Judge Samuel Alito on Federal Courts and Appellate Advocacy

People who know better than I are that predicting Judge Samuel Alito (CA3) will be the President's choice to replace Justice O'Connor.  During my second year in law school, Judge Alito guest-lectured in my federal courts and legal ethics classes.  His intelligence, graciousness, and humility were admirable.

He posed a couple of hypothetical questions to my federal courts class.  One question I remember was this: If a case is receiving a high amount of public attention, should the judge speed the along the docket, that is, give it a swifter resolution than it might otherwise have received?  I said, no.  A case is the case, and public perception shouldn't accelerate adjudication.  He disagreed, and said that it would be appropriate to move the case up since the public has an interest in the resolution of court cases.  He made it very clear that the public's opinion should not effect the outcome, but that judges should respect that courts ultimately serve the public.

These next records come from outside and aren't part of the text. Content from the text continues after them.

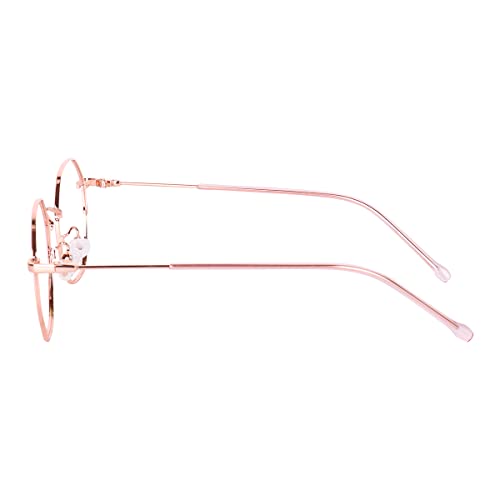 Image of Hexagonal Shape Blue Cut Antiglare Zero Power Computer Eyeglasses For Men And Women | Blue Light Filtering Glasses For Computer And Mobile Use | 100% UV Protection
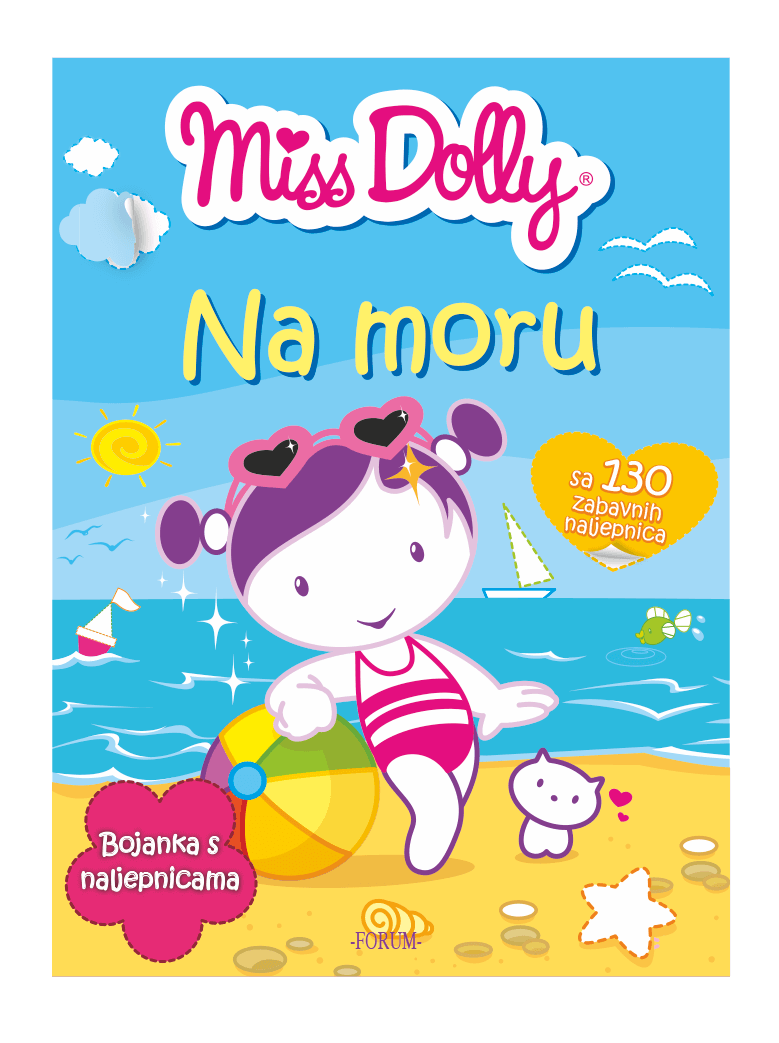 BOJANKA- Miss Dolly s naljepnicama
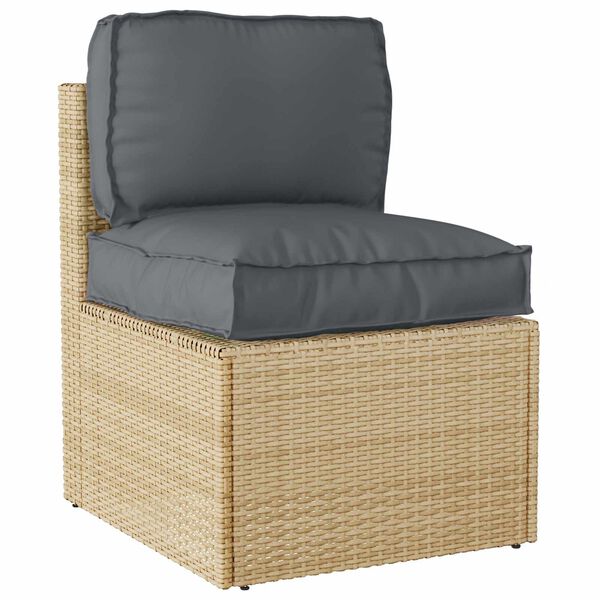 vidaXL Kastī&scaron;u spilvenu komplekts 2 pcs Antracīts Oksforda audums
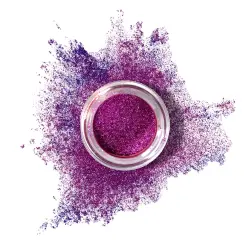 Moira - Pigmentos sueltos Starstruck Chrome Loose Powder - 011: Violet Star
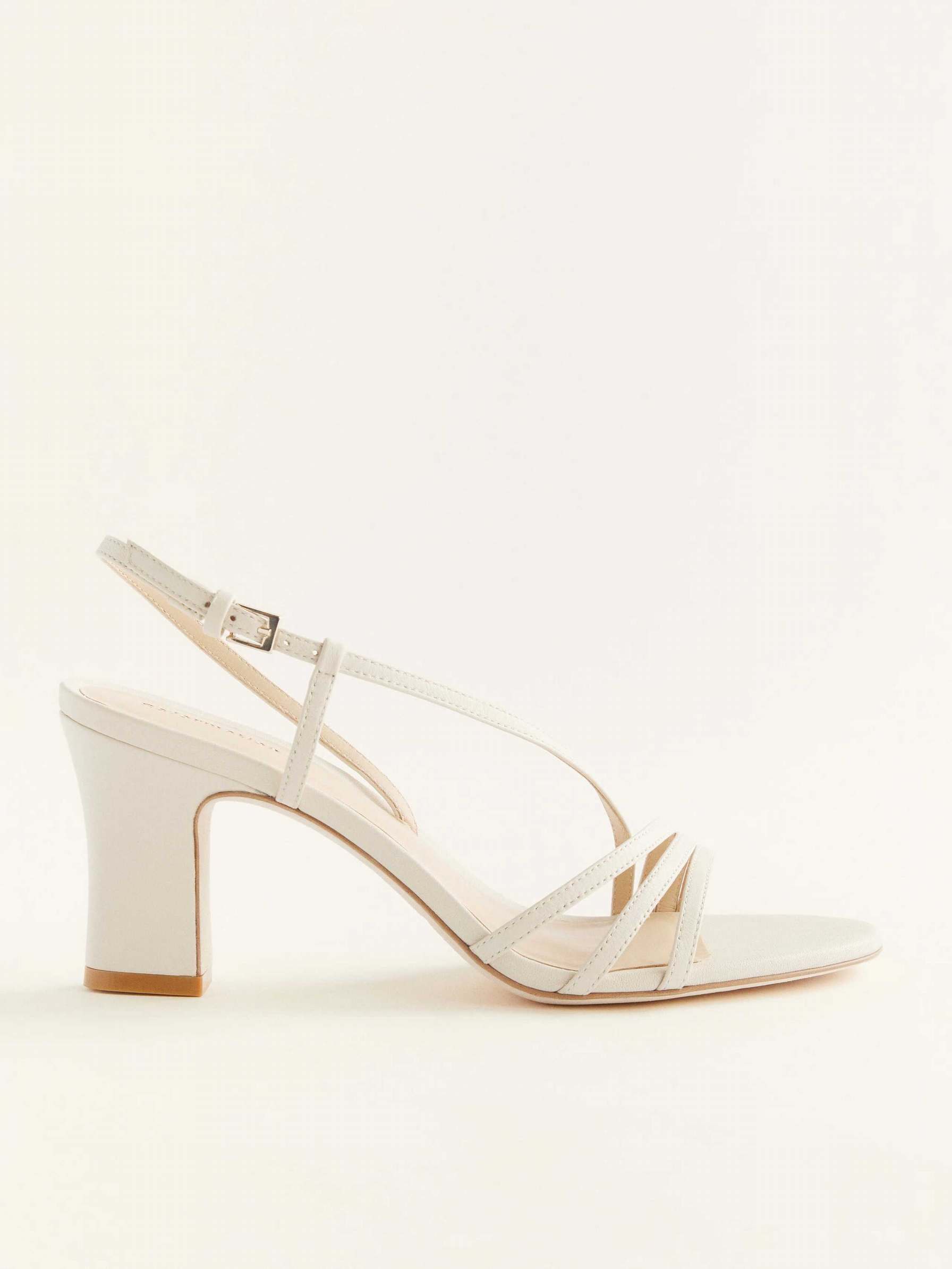 Women's Reformation Pixie High Sandals White | USA-280164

Indeed, a lot of his lecture focused on public perception of the court and respect for democratic procedures.  Legal proceedings, and judicial opinions, he said, should be transparent because the public has a right to see clearly why a judge reached a given conclusion.  In other words, if a case is truly law, and not politics, a judge has no reason to fear public scrutiny.  This respect, and his overall humility, impressed me.  But what do you expect from a federal judge who bags his own groceries?

He also focused intently on jurisdiction.  Respect for separation of powers (and the democratic processes underlying jurisdictional rules) demands strict application of jurisdictional rules. 

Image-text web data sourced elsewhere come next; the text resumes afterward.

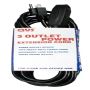 Reliable Multi-Outlet Extension Cords with USB Extension Cap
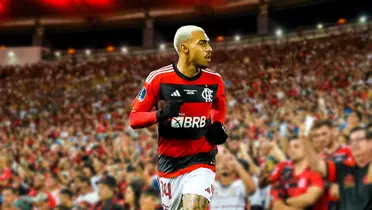Matheuzinho, lateral-direito do Flamengo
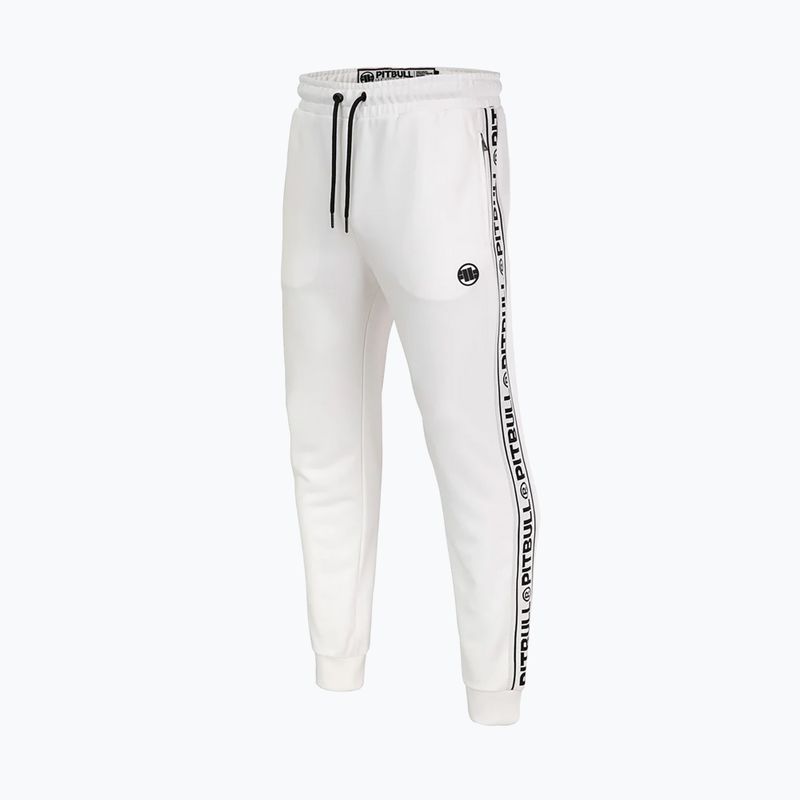 Vyriškos kelnės Pitbull Trackpants Tape Logo Terry Group off white 5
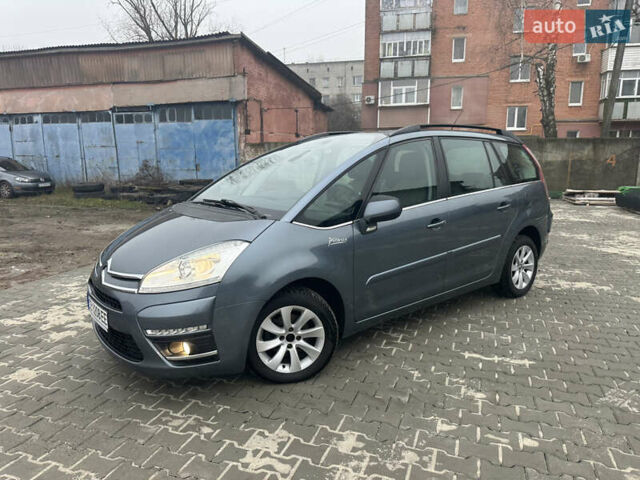 Серый Ситроен С4 Пикассо, объемом двигателя 1.56 л и пробегом 222 тыс. км за 6900 $, фото 5 на Automoto.ua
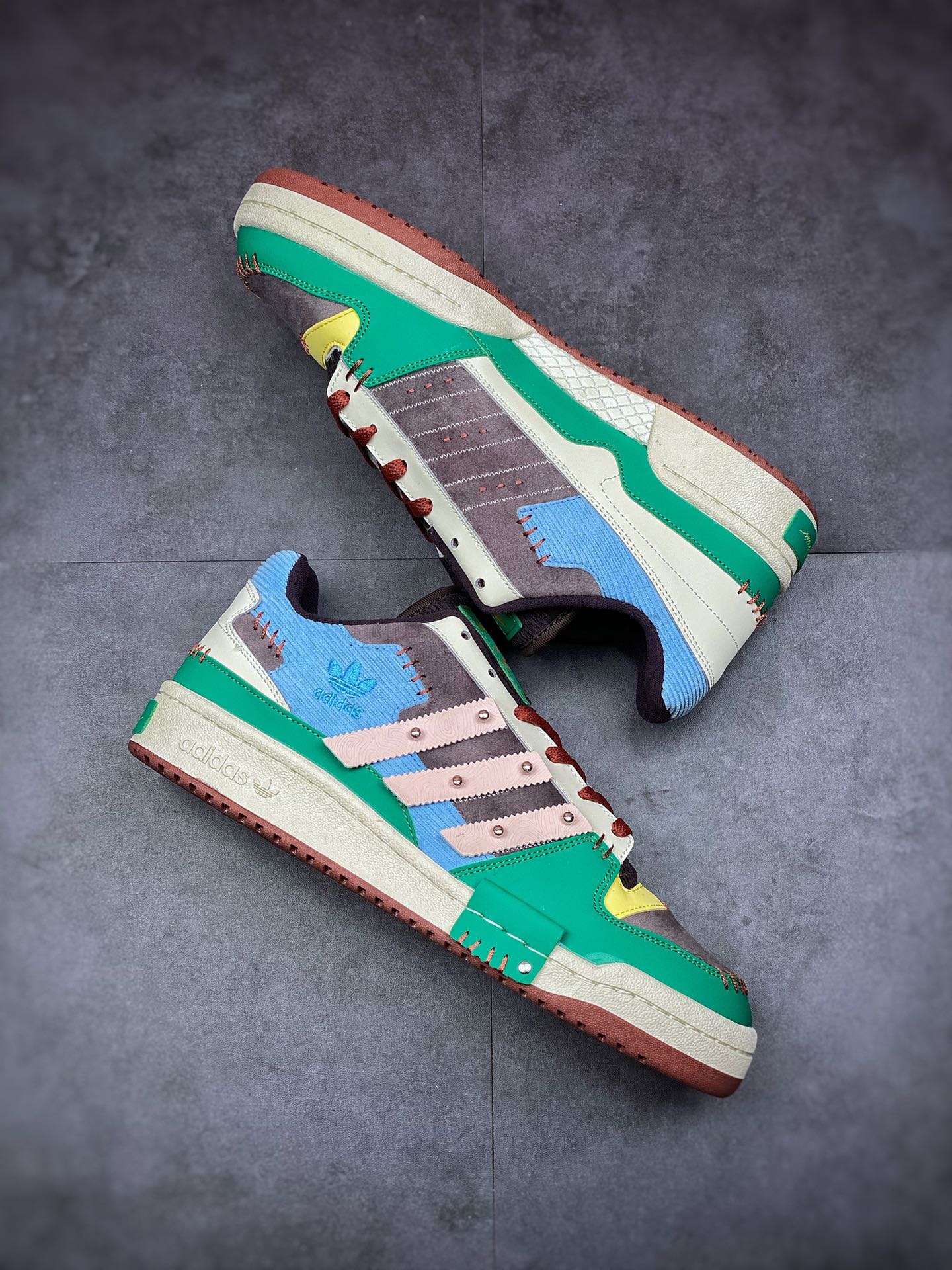 Melting Sadness x Adidas Clover Originals Forum Exhibit Low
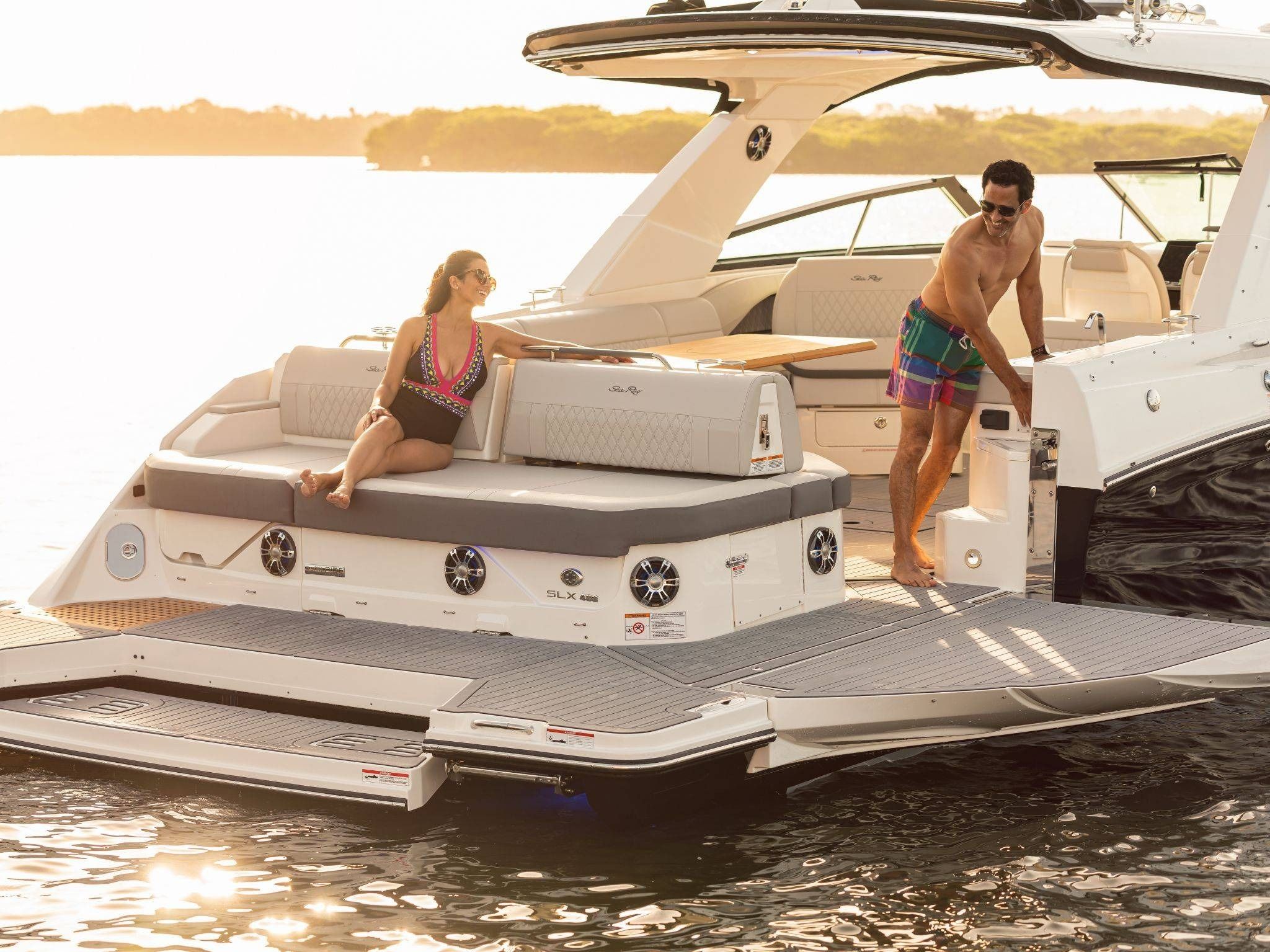 Sea Ray 400 | Her Dream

These are just random bits, of course, but they're consistent with what others are saying, namely that he's a "process-oriented judicial-restraint type" of judge.

After his discussion, he opened the class for questions.  I also asked him several questions.  (To his credit, he tolerated me.)  One question was this: What's the most important part of an appellate brief?  His answer (paraphrased 2 years later): "The statement of facts.  I'm smart enough to figure out the law, and I have smart clerks who can find the law.  The only thing you know better than I is the facts.  If you give me the right facts, I'll be able to spot most issues."  I then asked: Should the statement of facts be written scholarly and objectively?  He smiled and replied: Well, don't slant them, but if they don't have the punch that a lawyer's advocacy should have, I'll wonder whether you believe in your case. Someone else asked him whether oral argument was a waste of time, and he said no.

In my legal ethics class I asked him a couple more questions.  I can't remember the questions, but I do remember thinking: "My, he's very deliberate."  He would weigh the precedent on either side of the issue - that is, cases where the law clearly would and would not apply - and then challenge us to determine whether our hypothetical case was closer to either end of the spectrum.  He presented the image not of a philosopher-king, but of a common law judge.